My program took us to Amsterdam in the early part of November. Here are a few thoughts I wrote down then that still apply today.
Being in Amsterdam is a bit of a challenge. For me, it serves as a reality check, and a way for me to figure out how it will be for me to return home. In fact, this, above all else, is my biggest fear: how difficult it will be to reintegrate into what I call home. When thinking about it, I’m surprised that this is something that I actually fear. Don’t I always adapt well? Don’t I always give 100% to everything that I am involved in? What could possibly make me feel like I’m not going to be exactly 100% involved in my own life when I return?
Perhaps this 100% is exactly what is causing me to feel anxious. Since I give it all every time and in every situation, I have observed everything, absorbed everything, tried everything, lived everything, thought everything, and walked every way that I possibly can. In Rabat, this has resulted in my embracing a critical but cautious love for the city and country. I wouldn’t say that it is without flaws, but this understanding has grown over the course of a few months that I have become comfortable with the way it is and, most importantly, with the way I see it.
On the other hand, Amsterdam has not been the same. Perhaps because I don’t have the same amount of time, or have come in with low expectations, or have altogether not decided to be intentional and active about how I will analyze this place, I now find myself in a space where I do not necessarily enjoy this environment. It might be the first real case of culture shock I have experienced on the trip.
Shocking, isn’t it, that I am most disconnected from the environment that is, in many respects, most similar to my home.

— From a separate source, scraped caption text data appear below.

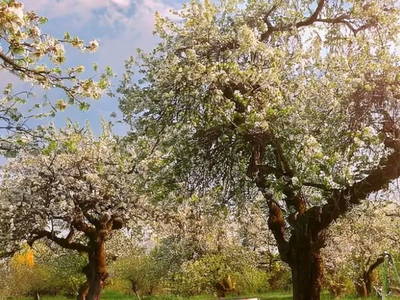 Bild 15 aus  Ostsee Baumhaushotel Schleswig-Holstein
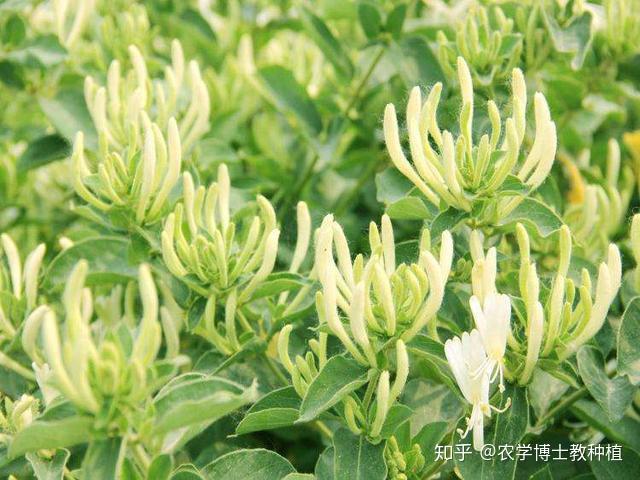 桄榔树有什么含义_桄榔树图片_桄榔树种植致富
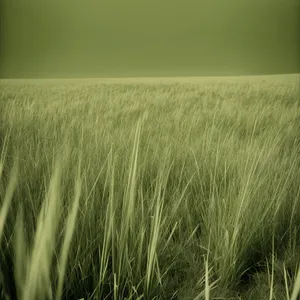 Bountiful Summer Harvest in a Rural Landscape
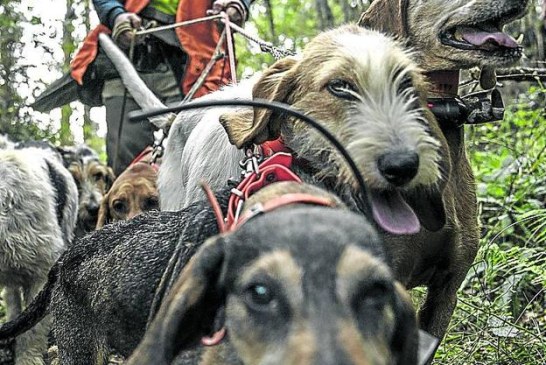 Exigen la apertura de la caza para regular la población de corzo y jabalí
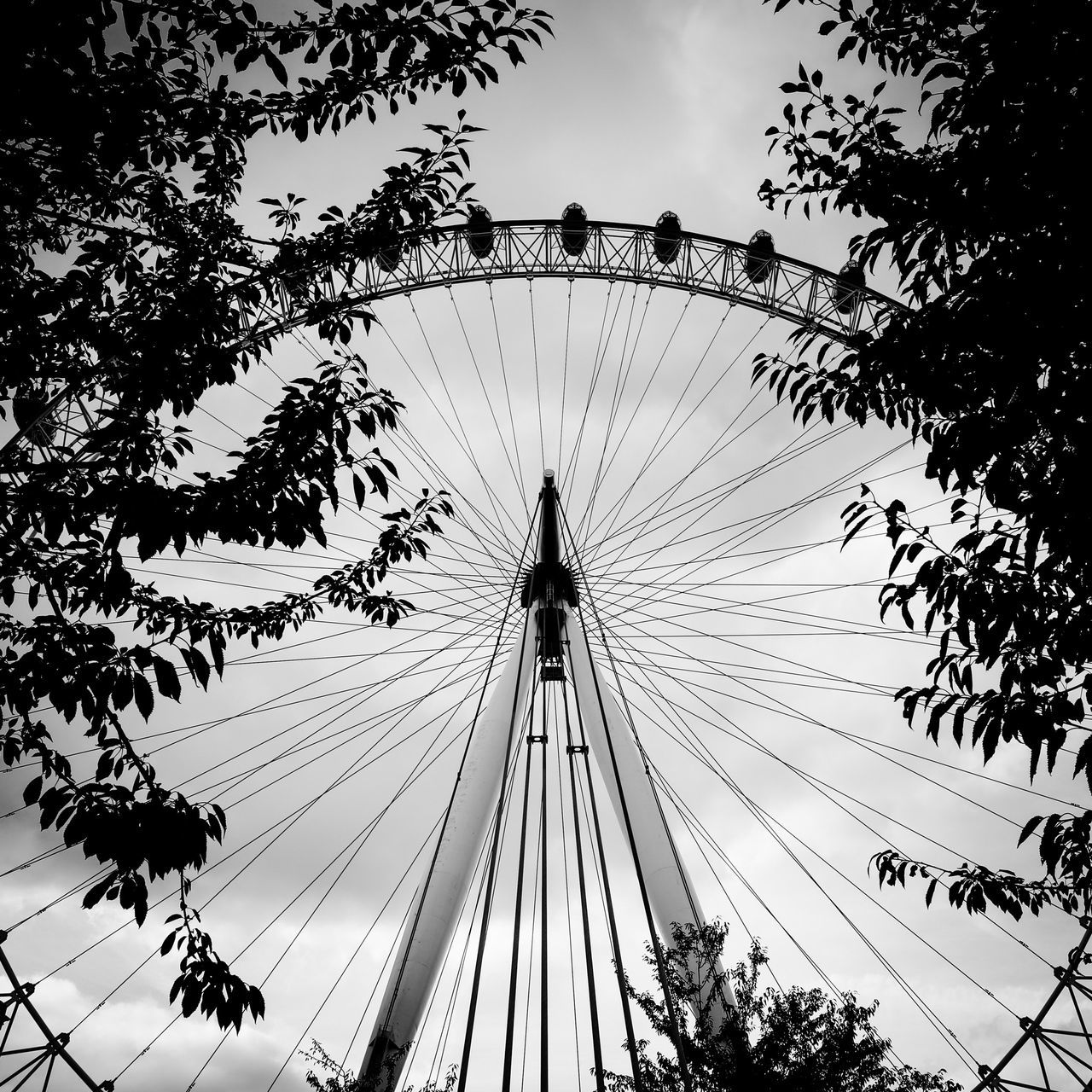 low angle view, amusement park, amusement park ride, ferris wheel, tree, sky, arts culture and entertainment, leisure activity, cloud - sky, day, outdoors, large, silhouette, nature, tall - high, fairground, fun, no people, enjoyment, cloud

The liberalism, language, location, and culture are very close to what we have in the US. But, perhaps because I was not prepared for the possibility of culture shock here, I have been taken by surprise. It is a good thing that this has happened and continues to happen, because I am hopeful that it will be a precursor for what I am going to experience at home after returning. I will now, because of this experience, be more prepared to ensure that I am fully engaged, to analyze my society in as critical and loving a way as I have been doing in Morocco thus far, and to achieve the balance that I will undoubtedly need between the ways that I have been and the ways that I will be.
In the end, life is not supposed to be easy. It pushes us, shapes us, and makes us. This trip certainly falls into all those categories for me, and I will be a greater person for it. I simply need to figure out how that will manifest itself upon my return and how I will need to embrace its challenges. Home will have to become another place that I look at uncomfortably for a while, until I can see it for the beauties and uglies that it contains. The trick will be staying as busy as possible for as long as possible. Anything less will give me too much time to think, too much time to reminisce, and too much time to live in the past. I can only hope that I will not, regardless of how much free time there is, be among the memories. Here and now forever.